Autonomous driving: Latest technologies and next challenges (Part 2)
Bosch and Continental show road maps and prospects
Automakers are actively promoting and announcing their autonomous vehicles. Governments are also making positive comments on the realization of autonomous vehicles. Under the circumstances, how does each supplier see the progress of its technology for the realization of autonomous vehicles?
TU-Automotive Japan 2015 (formerly called Telematics Japan until last year) was held at the Westin Tokyo from October 20 through October 21, 2015 under the auspices of TU-Automotive Japan. This report is the second of a two-part series that focuses on an autonomous driving session held at TU-Automotive Japan 2015 and summarizes lectures presented by suppliers, such as Bosch and Continental. (Click here for the first report.)
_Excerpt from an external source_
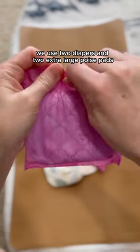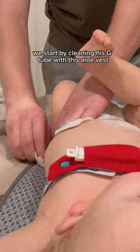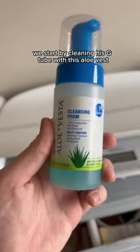Why on earth do we use two diapers and two extra-large poise pads for our son's diaper change, you may ask? I'll tell you in a sec. For diaper changes, we start by cleaning his G-Tube with this Aloe Vesta stuff and a washcloth.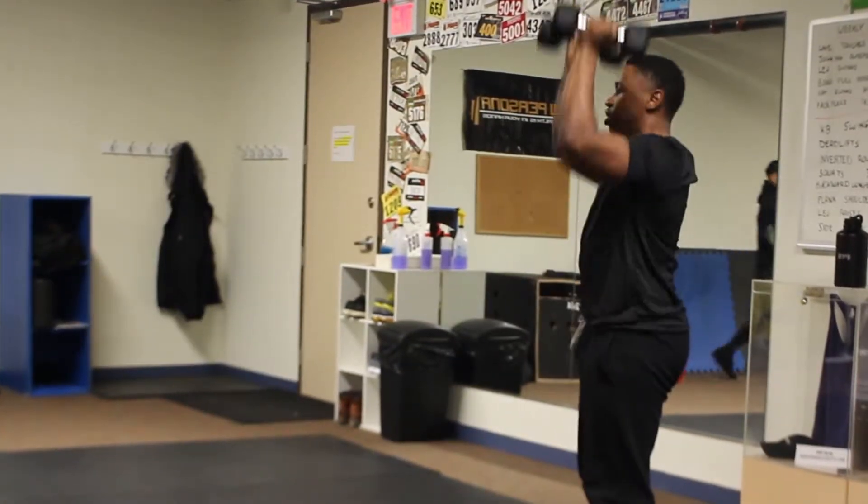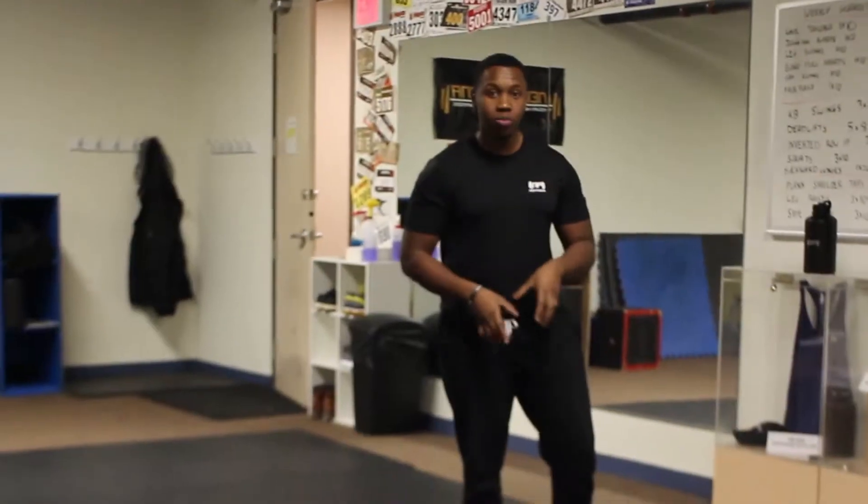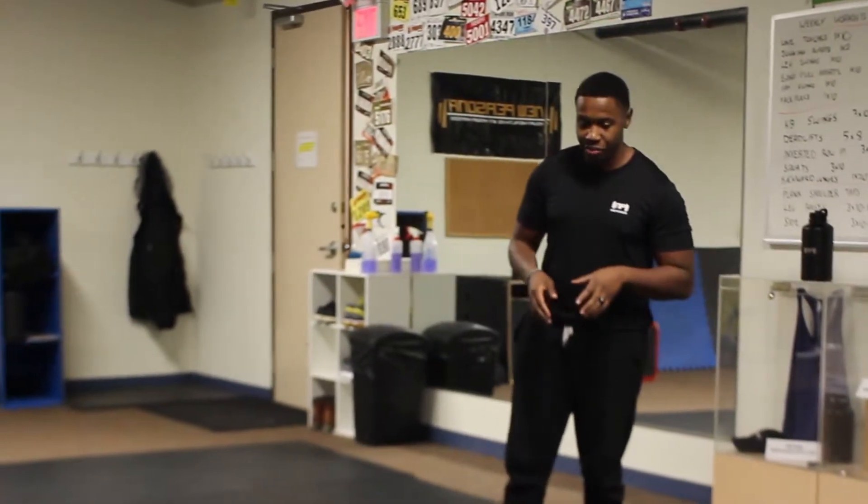Hello ladies and gents, this is Fenir from NewPersona.info and WeeklyWorkouts.ca. I'm really excited because we're going to be doing today the three fat burning squat variations — you're going to have a whole bunch of fun, so stay tuned. We're going to get ready right now.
* Bosch Group stated that autonomous driving starts with high-speed driving and parking assist functions. Technologies in these two areas will advance in stages. Bosch introduced its efforts to fulfill five technological requirements for fully autonomous driving.
* Continental proposed a holistic (comprehensive) approach, which includes IoT-based infrastructures, to HMI for autonomous driving. A driver monitoring system was used as an example.
* QNX and Wind River (embedded OS vendors) emphasized that a software platform covering an overall system would be required for autonomous driving.
* Summary (comments at panel discussion): There is public acceptance of autonomous driving. However, commercialization of autonomous vehicles should be pursued with caution and repeated verifications. It is important to standardize technological elements and specifications.